▸ Dataset records
◆ ◆ ◆ ◆ ◆

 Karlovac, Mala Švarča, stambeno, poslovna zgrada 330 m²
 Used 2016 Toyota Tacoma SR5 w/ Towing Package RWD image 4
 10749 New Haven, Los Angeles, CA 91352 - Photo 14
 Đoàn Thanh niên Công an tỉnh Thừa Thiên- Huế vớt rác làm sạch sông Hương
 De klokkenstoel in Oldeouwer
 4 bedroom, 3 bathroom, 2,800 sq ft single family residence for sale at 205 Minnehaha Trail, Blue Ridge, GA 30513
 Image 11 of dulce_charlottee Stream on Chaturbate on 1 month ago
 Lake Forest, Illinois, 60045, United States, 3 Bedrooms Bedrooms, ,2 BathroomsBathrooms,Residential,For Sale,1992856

◆ ◆ ◆ ◆ ◆

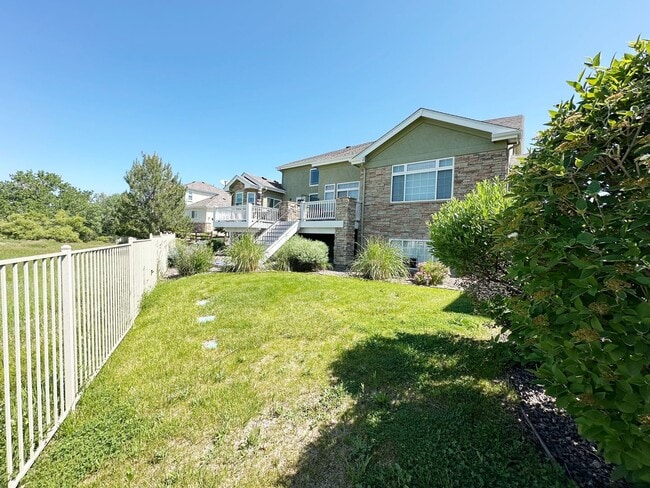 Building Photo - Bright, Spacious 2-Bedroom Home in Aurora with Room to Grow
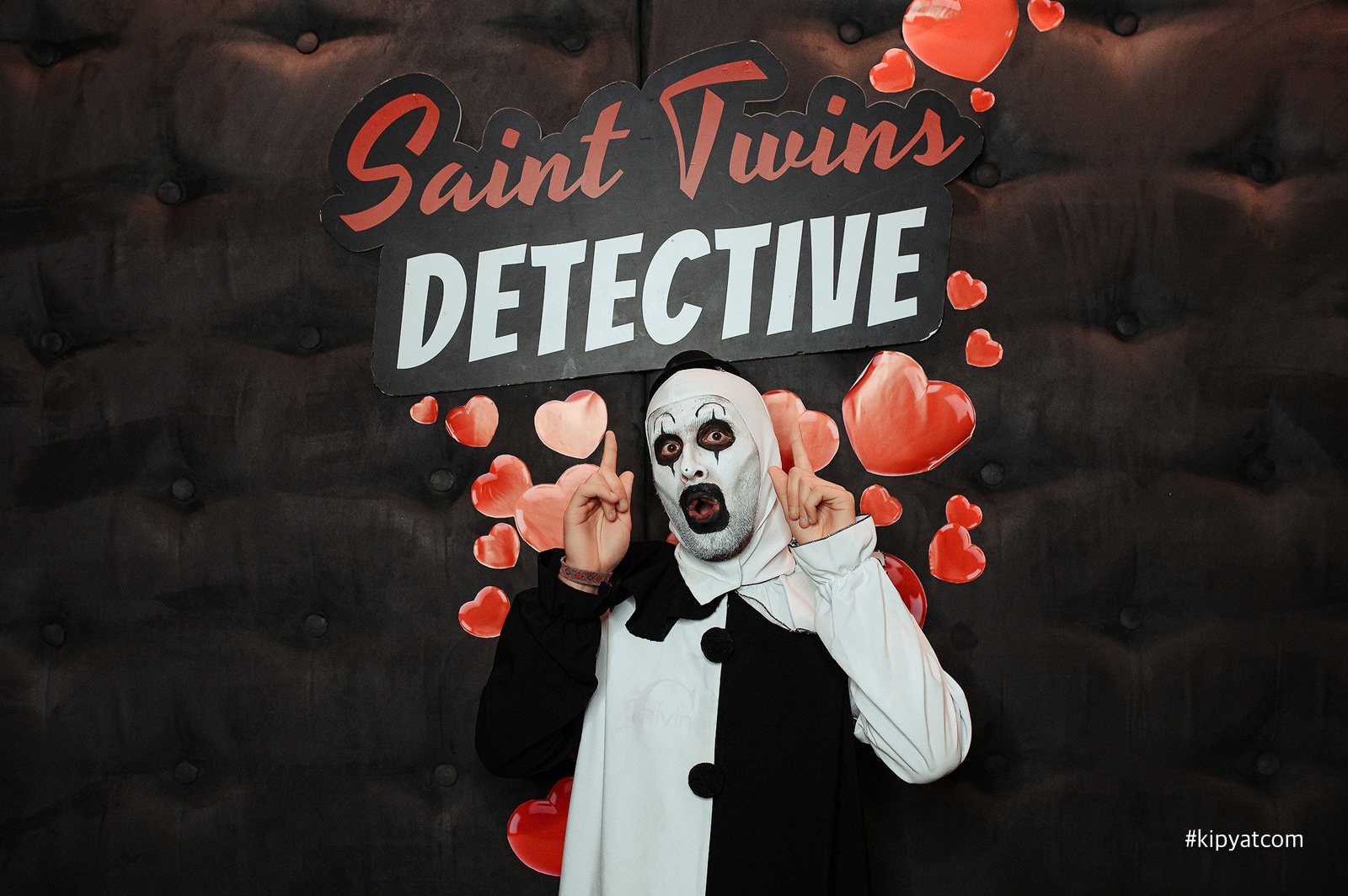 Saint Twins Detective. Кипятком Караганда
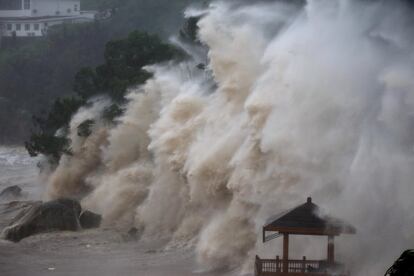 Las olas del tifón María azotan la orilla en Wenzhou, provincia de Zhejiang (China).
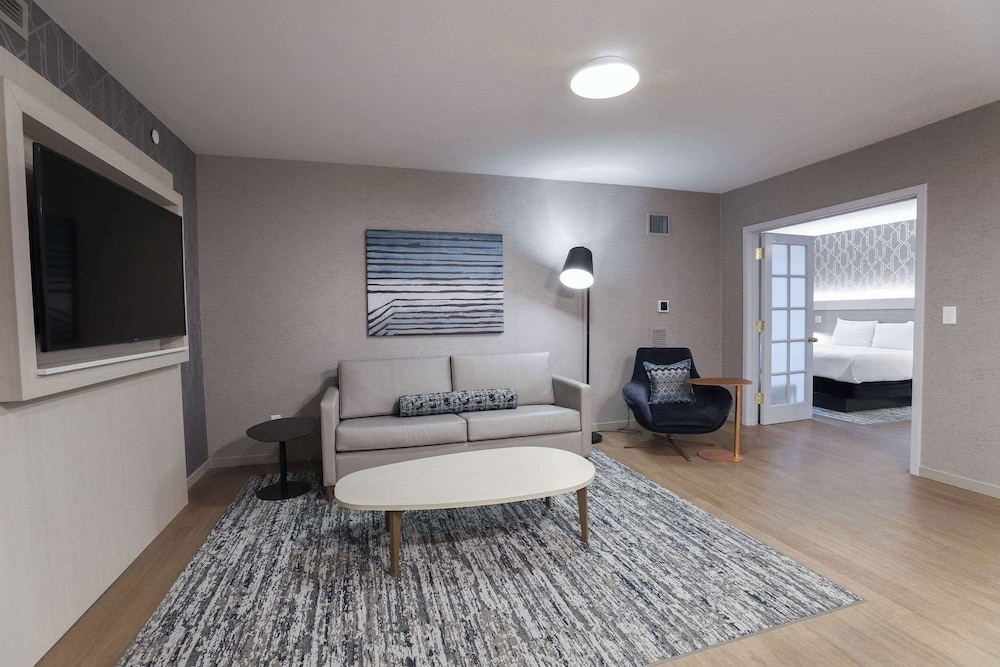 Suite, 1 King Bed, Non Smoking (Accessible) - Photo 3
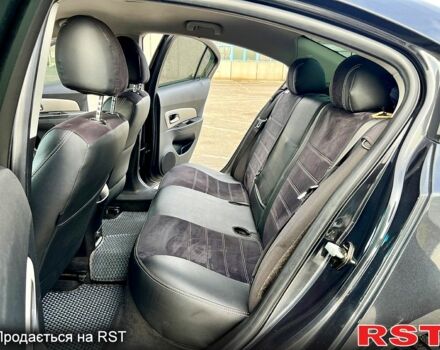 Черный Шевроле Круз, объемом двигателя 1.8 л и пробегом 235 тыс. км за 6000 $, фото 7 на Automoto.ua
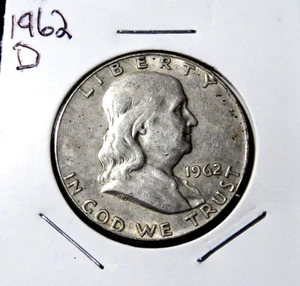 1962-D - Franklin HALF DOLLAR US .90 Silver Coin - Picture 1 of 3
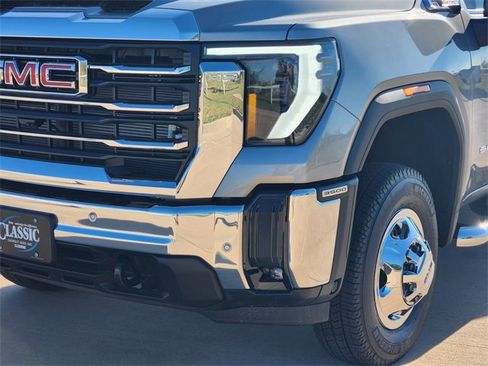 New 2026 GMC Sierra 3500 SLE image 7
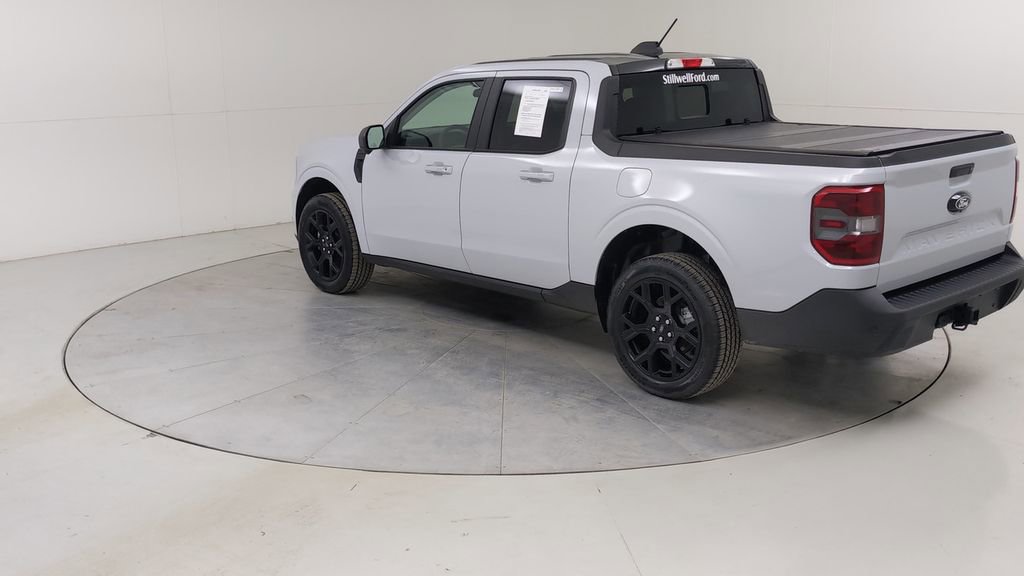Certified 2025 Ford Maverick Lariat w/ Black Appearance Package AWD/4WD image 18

◆ ◆ ◆ ◆ ◆

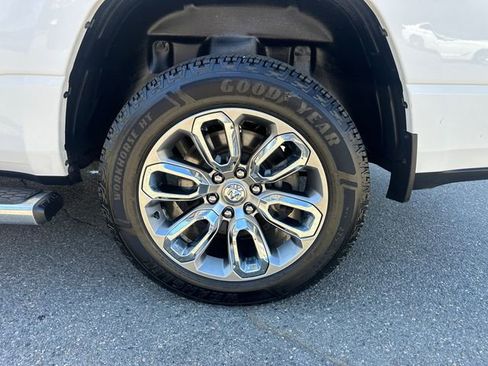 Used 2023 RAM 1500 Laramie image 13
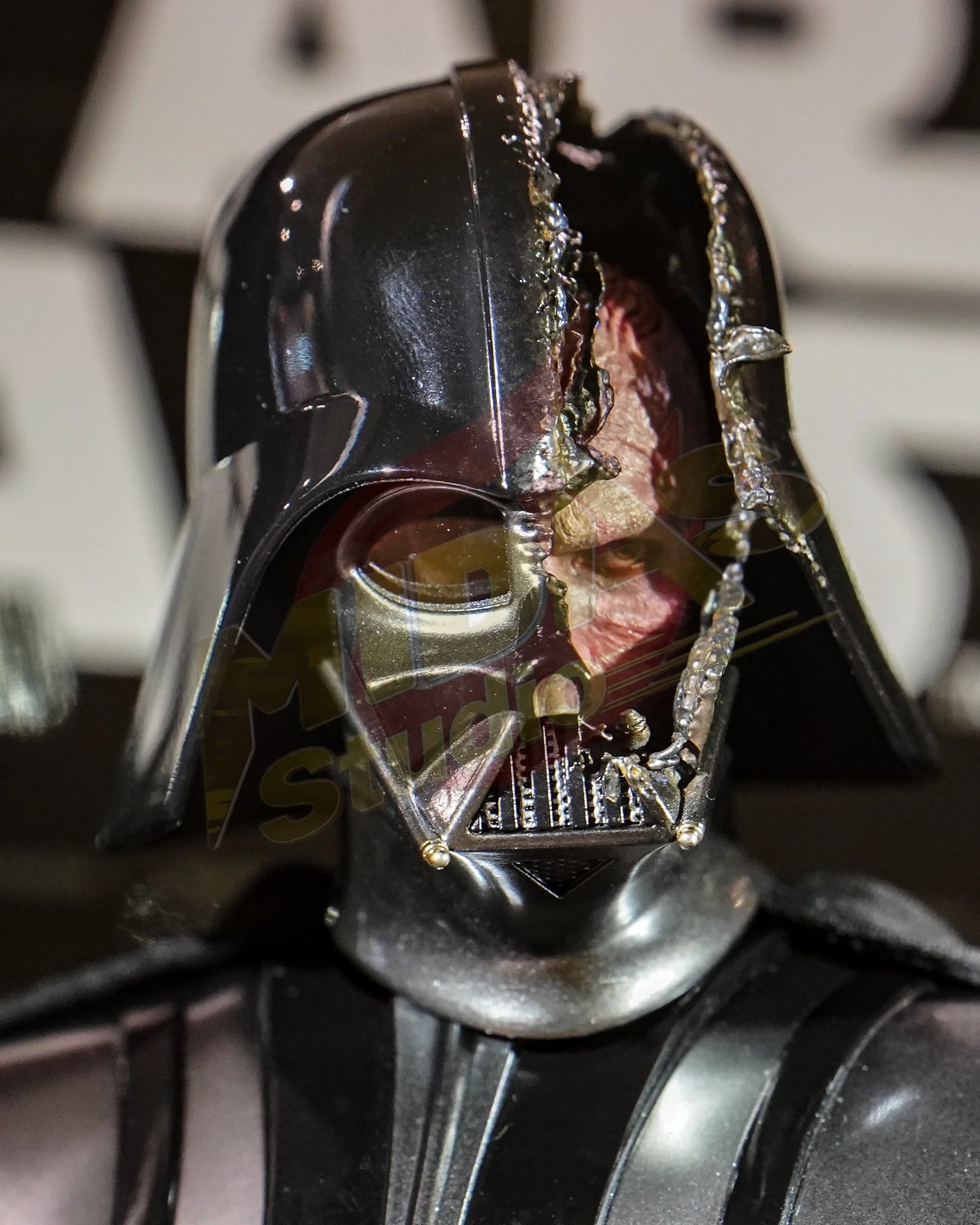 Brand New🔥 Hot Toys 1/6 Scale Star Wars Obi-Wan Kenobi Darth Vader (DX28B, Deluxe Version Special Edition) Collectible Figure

◆ ◆ ◆ ◆ ◆

▸ What you will do
From the material above, set down exactly the lines between the line holding "10749 New Haven, Los" and the line holding "Lake Forest, Illinois, 60045, United", inclusive. Include nothing else.

▸ Task output
 10749 New Haven, Los Angeles, CA 91352 - Photo 14
 Đoàn Thanh niên Công an tỉnh Thừa Thiên- Huế vớt rác làm sạch sông Hương
 De klokkenstoel in Oldeouwer
 4 bedroom, 3 bathroom, 2,800 sq ft single family residence for sale at 205 Minnehaha Trail, Blue Ridge, GA 30513
 Image 11 of dulce_charlottee Stream on Chaturbate on 1 month ago
 Lake Forest, Illinois, 60045, United States, 3 Bedrooms Bedrooms, ,2 BathroomsBathrooms,Residential,For Sale,1992856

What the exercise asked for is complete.